Task statement – The answer is to be an exact copy of the lines below running from the line with "dijual rumah perumahan dirgantara" down to the line with "7100 Sunshine Skyway", both ends included, and nothing more.

Data for processing –
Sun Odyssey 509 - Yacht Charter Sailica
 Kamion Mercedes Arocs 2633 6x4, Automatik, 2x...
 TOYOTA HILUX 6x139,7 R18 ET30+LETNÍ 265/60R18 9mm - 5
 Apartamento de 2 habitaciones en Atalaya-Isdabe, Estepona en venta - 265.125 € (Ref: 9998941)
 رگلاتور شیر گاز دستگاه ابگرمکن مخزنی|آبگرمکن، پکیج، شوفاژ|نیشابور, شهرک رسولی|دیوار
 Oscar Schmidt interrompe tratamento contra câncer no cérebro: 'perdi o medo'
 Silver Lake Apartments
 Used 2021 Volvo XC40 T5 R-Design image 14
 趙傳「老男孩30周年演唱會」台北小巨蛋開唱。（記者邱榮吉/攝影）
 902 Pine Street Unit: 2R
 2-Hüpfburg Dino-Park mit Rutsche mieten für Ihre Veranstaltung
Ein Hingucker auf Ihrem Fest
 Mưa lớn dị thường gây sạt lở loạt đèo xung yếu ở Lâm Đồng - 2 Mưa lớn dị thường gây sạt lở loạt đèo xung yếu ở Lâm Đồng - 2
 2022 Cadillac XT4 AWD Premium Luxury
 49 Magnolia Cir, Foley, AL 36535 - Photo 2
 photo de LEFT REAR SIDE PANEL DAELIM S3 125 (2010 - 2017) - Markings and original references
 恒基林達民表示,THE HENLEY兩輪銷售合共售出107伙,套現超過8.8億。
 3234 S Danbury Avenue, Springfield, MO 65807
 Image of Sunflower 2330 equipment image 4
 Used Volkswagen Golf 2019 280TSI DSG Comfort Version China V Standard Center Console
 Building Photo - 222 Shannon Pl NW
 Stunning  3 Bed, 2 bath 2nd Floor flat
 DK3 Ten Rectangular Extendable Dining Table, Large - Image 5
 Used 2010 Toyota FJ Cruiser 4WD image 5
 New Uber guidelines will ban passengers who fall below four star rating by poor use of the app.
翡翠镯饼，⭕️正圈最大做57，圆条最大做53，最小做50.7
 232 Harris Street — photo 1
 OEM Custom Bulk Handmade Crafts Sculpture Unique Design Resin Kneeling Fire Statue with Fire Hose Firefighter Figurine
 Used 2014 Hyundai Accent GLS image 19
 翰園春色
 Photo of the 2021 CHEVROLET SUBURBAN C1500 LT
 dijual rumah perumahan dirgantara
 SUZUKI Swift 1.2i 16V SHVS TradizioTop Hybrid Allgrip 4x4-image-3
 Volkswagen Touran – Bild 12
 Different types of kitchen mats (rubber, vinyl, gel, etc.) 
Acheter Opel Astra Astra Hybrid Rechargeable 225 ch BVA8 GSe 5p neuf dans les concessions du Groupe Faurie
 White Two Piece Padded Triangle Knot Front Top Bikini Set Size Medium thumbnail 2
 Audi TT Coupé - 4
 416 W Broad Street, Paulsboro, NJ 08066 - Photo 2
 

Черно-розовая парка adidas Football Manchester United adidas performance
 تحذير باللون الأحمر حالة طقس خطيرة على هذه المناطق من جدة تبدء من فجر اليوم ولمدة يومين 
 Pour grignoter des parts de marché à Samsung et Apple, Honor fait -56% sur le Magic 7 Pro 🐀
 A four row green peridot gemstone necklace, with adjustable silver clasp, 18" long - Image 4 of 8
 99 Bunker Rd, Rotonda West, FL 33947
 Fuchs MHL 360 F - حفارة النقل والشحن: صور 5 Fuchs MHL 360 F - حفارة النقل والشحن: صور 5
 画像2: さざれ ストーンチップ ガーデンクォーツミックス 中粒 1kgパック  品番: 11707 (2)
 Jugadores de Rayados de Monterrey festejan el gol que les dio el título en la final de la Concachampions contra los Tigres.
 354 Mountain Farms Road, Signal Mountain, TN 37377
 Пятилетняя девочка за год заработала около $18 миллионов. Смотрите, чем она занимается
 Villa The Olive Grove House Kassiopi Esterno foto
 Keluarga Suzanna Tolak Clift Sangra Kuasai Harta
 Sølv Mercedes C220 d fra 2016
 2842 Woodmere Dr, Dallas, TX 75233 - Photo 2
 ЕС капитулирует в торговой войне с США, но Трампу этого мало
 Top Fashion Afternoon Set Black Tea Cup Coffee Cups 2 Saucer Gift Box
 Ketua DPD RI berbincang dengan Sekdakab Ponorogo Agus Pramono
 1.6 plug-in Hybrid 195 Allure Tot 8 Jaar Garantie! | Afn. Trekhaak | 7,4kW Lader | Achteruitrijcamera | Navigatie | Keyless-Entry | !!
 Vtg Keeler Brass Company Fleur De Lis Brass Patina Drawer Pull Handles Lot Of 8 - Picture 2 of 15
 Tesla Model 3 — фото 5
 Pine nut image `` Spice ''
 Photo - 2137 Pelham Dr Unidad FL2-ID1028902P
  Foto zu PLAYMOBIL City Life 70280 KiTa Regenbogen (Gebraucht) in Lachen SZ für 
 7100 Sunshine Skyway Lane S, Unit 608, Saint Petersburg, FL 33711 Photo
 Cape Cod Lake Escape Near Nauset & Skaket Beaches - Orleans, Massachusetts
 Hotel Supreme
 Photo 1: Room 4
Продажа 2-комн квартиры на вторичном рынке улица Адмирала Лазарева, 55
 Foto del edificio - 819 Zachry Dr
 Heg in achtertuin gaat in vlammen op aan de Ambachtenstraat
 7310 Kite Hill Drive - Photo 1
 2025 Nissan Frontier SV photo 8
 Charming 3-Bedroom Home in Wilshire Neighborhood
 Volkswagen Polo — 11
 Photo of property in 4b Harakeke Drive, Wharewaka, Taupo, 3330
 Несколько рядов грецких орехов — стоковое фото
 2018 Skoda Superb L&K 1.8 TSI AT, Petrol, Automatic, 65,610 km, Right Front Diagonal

Exercise solution –
 dijual rumah perumahan dirgantara
 SUZUKI Swift 1.2i 16V SHVS TradizioTop Hybrid Allgrip 4x4-image-3
 Volkswagen Touran – Bild 12
 Different types of kitchen mats (rubber, vinyl, gel, etc.) 
Acheter Opel Astra Astra Hybrid Rechargeable 225 ch BVA8 GSe 5p neuf dans les concessions du Groupe Faurie
 White Two Piece Padded Triangle Knot Front Top Bikini Set Size Medium thumbnail 2
 Audi TT Coupé - 4
 416 W Broad Street, Paulsboro, NJ 08066 - Photo 2
 

Черно-розовая парка adidas Football Manchester United adidas performance
 تحذير باللون الأحمر حالة طقس خطيرة على هذه المناطق من جدة تبدء من فجر اليوم ولمدة يومين 
 Pour grignoter des parts de marché à Samsung et Apple, Honor fait -56% sur le Magic 7 Pro 🐀
 A four row green peridot gemstone necklace, with adjustable silver clasp, 18" long - Image 4 of 8
 99 Bunker Rd, Rotonda West, FL 33947
 Fuchs MHL 360 F - حفارة النقل والشحن: صور 5 Fuchs MHL 360 F - حفارة النقل والشحن: صور 5
 画像2: さざれ ストーンチップ ガーデンクォーツミックス 中粒 1kgパック  品番: 11707 (2)
 Jugadores de Rayados de Monterrey festejan el gol que les dio el título en la final de la Concachampions contra los Tigres.
 354 Mountain Farms Road, Signal Mountain, TN 37377
 Пятилетняя девочка за год заработала около $18 миллионов. Смотрите, чем она занимается
 Villa The Olive Grove House Kassiopi Esterno foto
 Keluarga Suzanna Tolak Clift Sangra Kuasai Harta
 Sølv Mercedes C220 d fra 2016
 2842 Woodmere Dr, Dallas, TX 75233 - Photo 2
 ЕС капитулирует в торговой войне с США, но Трампу этого мало
 Top Fashion Afternoon Set Black Tea Cup Coffee Cups 2 Saucer Gift Box
 Ketua DPD RI berbincang dengan Sekdakab Ponorogo Agus Pramono
 1.6 plug-in Hybrid 195 Allure Tot 8 Jaar Garantie! | Afn. Trekhaak | 7,4kW Lader | Achteruitrijcamera | Navigatie | Keyless-Entry | !!
 Vtg Keeler Brass Company Fleur De Lis Brass Patina Drawer Pull Handles Lot Of 8 - Picture 2 of 15
 Tesla Model 3 — фото 5
 Pine nut image `` Spice ''
 Photo - 2137 Pelham Dr Unidad FL2-ID1028902P
  Foto zu PLAYMOBIL City Life 70280 KiTa Regenbogen (Gebraucht) in Lachen SZ für 
 7100 Sunshine Skyway Lane S, Unit 608, Saint Petersburg, FL 33711 Photo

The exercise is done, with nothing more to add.